Psychometric Approach to Intelligence
Since it is such a vast number of mental abilities, psychometric studies try to establish the basic structure of abilities. The major aim is to understand the nature of the underlying social, biological, cognitive and other processes that cause the individual differences to emerge. Most researchers use factor analysis of the correlations between ability test items to try to reveal the underlying structure of abilities (same as they have done with personality traits – the Big Five, for example). If this is done successfully, one may be able to measure individuals` performance on a very wide range of ability tasks, correlate their scores on the items (or test) together and factor-analyze this table of correlations. The factors that emerge should represent the main dimensions of ability.
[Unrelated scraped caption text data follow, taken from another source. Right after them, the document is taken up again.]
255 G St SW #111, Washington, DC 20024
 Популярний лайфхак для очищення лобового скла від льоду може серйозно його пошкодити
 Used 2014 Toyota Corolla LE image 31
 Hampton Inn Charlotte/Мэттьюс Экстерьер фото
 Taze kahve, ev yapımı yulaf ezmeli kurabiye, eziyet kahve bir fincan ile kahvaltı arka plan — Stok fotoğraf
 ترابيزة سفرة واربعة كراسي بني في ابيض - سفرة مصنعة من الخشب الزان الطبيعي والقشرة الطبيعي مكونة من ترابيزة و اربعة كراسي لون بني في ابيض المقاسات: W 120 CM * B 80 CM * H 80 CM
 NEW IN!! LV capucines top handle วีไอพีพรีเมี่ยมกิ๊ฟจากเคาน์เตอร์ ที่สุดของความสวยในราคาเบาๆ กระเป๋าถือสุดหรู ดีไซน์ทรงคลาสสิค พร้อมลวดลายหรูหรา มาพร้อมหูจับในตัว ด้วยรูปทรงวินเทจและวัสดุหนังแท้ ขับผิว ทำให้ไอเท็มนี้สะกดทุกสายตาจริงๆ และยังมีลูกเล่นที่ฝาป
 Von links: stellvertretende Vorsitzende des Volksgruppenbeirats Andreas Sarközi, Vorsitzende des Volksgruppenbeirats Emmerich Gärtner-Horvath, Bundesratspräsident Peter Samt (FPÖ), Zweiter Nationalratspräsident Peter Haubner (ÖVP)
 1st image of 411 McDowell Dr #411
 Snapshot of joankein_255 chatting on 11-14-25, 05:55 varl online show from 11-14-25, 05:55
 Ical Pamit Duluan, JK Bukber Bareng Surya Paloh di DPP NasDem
Cattell’s Ability Dimension Action Chart (ADAC)
Cattell attempted to develop a taxonomy of abilities by means of a chart showing what types of ability could logically exist, which he called Ability Dimension Action Chart (ADAC). He viewed abilities as consisting of 3 main components
Action domain: specified which aspect of the task is hard for the individual. (The demanding side of the task)
Content domain: The type of material given to the individual. (Example: verbal test, problem solving test etc.).
Process domain: Which defines mental processes the individual is supposed to perform in order to solve the problem.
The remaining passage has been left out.